Jack Welch, CEO of General Electric, made a speech in 1981 entitled Growing Fast in a Slow-Growth Economy, which is often acknowledged as the "dawn of the shareholder-value movement". Welch did not mention the term shareholder value, but outlined his beliefs in selling underperforming businesses and cutting costs to increase profits faster than global economic growth. In the United Kingdom in 1983, Brian Pitman became CEO of Lloyds Bank and sought to clarify the governing objective for the company. The following year, he set return on equity as the key measure of financial performance and set a target for every business within the bank to achieve a return that exceeded its cost of equity.
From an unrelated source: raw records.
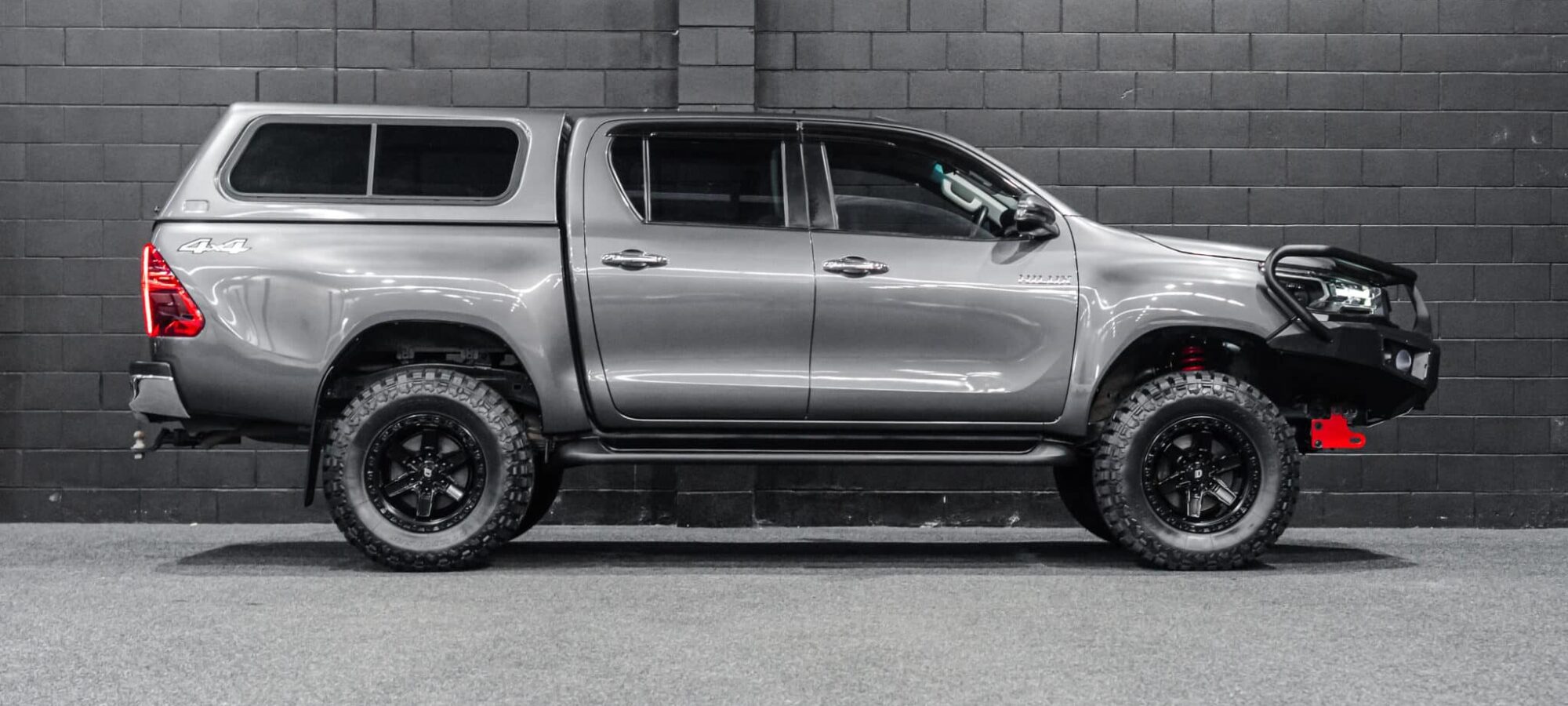 Vehicle Gallery Image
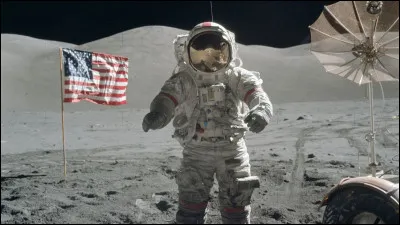 Quelle célèbre phrase Neil Armstrong a-t-il prononcé en posant le pied sur la Lune ?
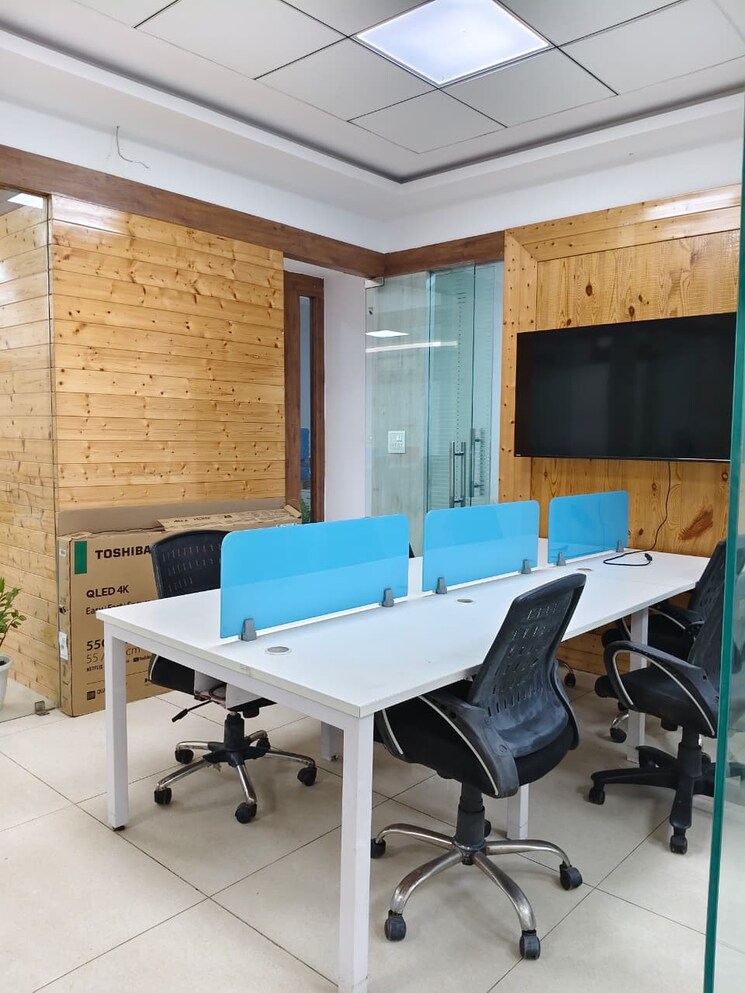 Team Area, sector 63 Commercial Office Space 4050 Sq.Ft. In Sector 63 Noida 9490780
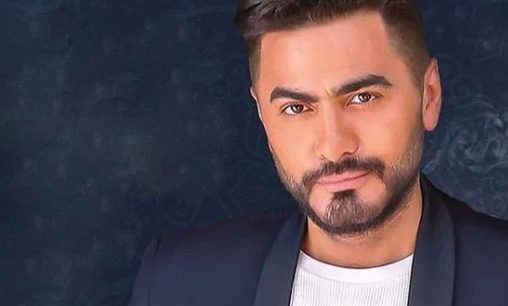 شاهد.. تامر حسني يتحدي فيروس كورونا بهذه الطريقة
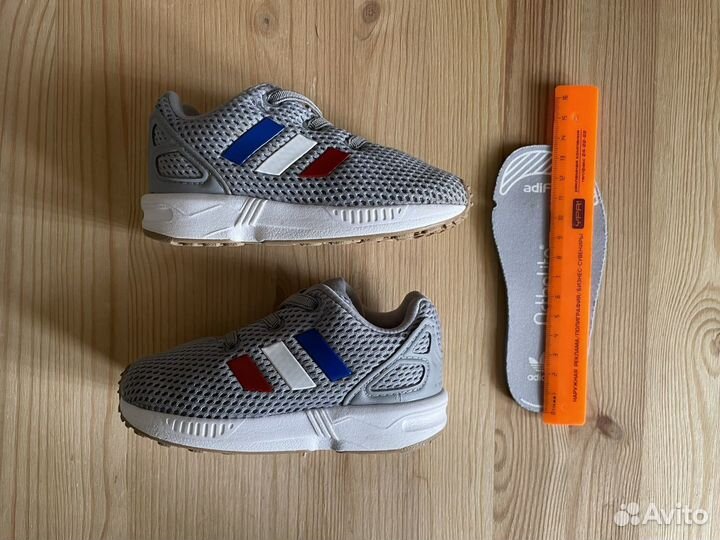 Кроссовки детские Adidas Originals 21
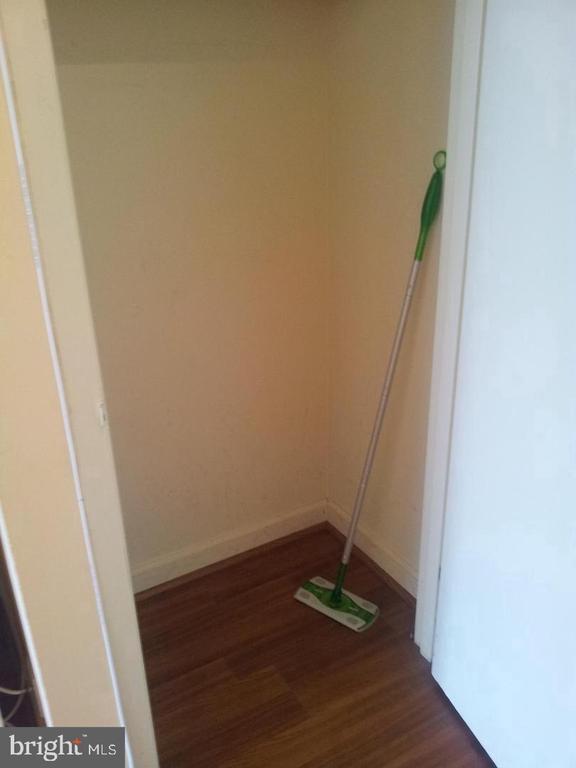 Building Photo - 1111 Arlington Blvd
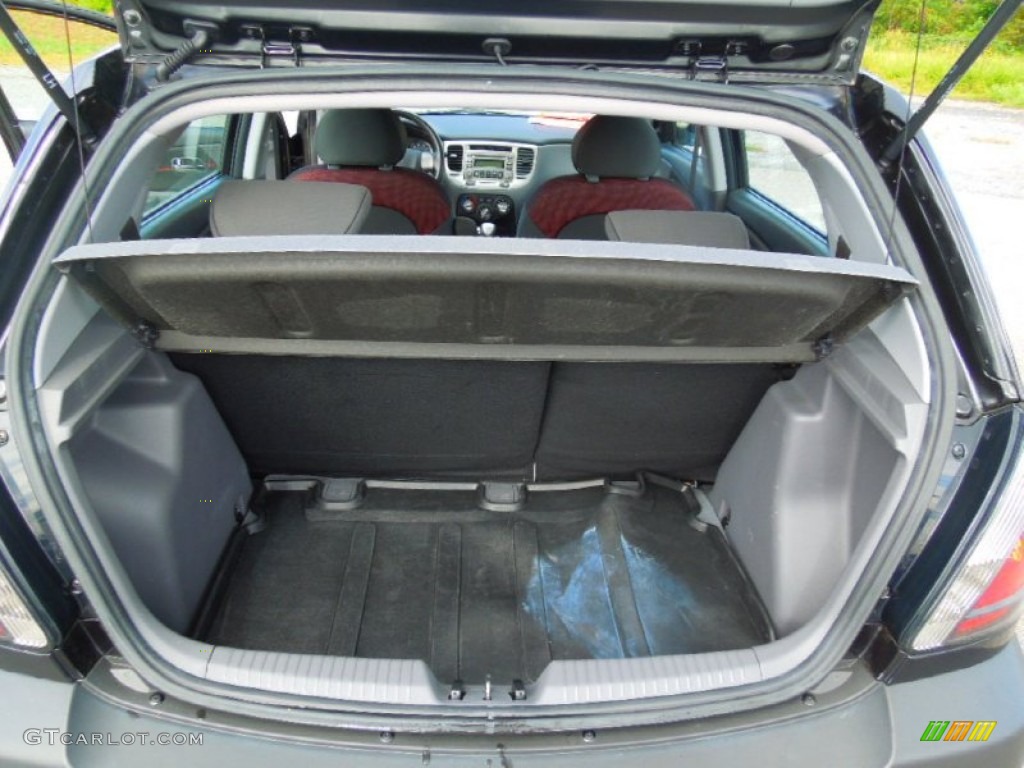 2008 Kia Rio Rio5 LX Hatchback Trunk Photo #71609295
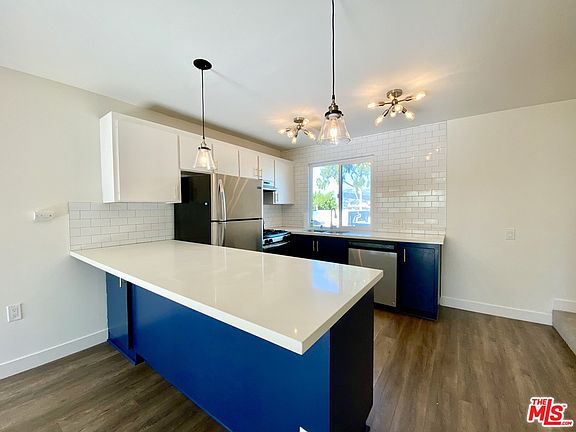 2nd image of 2975 Waverly Dr #4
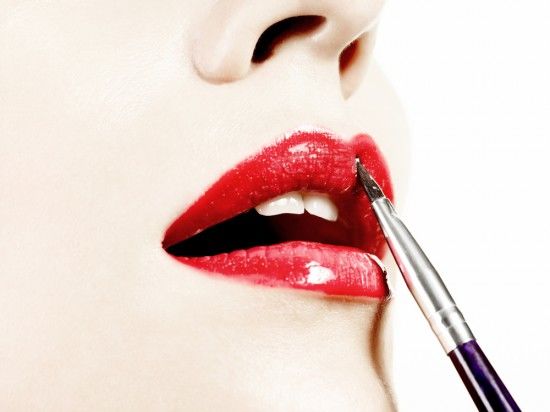 Bí quyết tô son đỏ: Không nên thoa son đỏ trực tiếp lên lớp son dưỡng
In Creating Shareholder Value: The New Standard for Business Performance, published in 1986, Alfred Rappaport argued that "the ultimate test of corporate strategy, indeed the only reliable measure, is whether it creates economic value for shareholders". During the late 1980s, the management consulting firm Stern Stewart & Co revised the computation of residual income with a large number of accounting adjustments; the firm named this concept Economic Value Added (EVA) and trademarked it in 1989. The consulting firms Stern Stewart, Marakon Associates, and Alcar pioneered value-based management (VBM) based on the academic work of - respectively - Joel Stern, Bill Alberts, and Alfred Rappaport. Value-based management became prominent during the 1990s, and other management consulting firms including McKinsey and BCG developed VBM approaches.

In 2009, Welch criticized parts of the application of this concept, saying he never meant to suggest boosting a company's share price should be the main goal of executives. He said managers and investors should not set share price increases as their overarching goal. He added that short-term profits should be allied with an increase in the long-term value of a company. "On the face of it, shareholder value is the dumbest idea in the world," he said. "Shareholder value is a result, not a strategy . . . Your main constituencies are your employees, your customers and your products." Welch later elaborated on this, clarifying that "my point is, increasing the value of your company in both the short and long term is an outcome of the implementation of successful strategies."

=== Interpretation ===
During the 1970s, there was an economic crisis caused by stagflation. The stock market had been flat for nearly 12 years and inflation levels had reached double-digits. The Japanese had taken the top spot as the dominant force in auto and high technology manufacturing, a title historically held by American companies. This, coupled with the economic changes noted by Mark Mizruchi and Howard Kimeldorf, brought about the question as to how to fix the current model of management. Though there were contending solutions to resolve these problems (e.g.Theodore Levitt's focus on customer value creation and R. Edward Feeman's stakeholder management framework), the winner was the Agency Theory developed by Jensen and Meckling.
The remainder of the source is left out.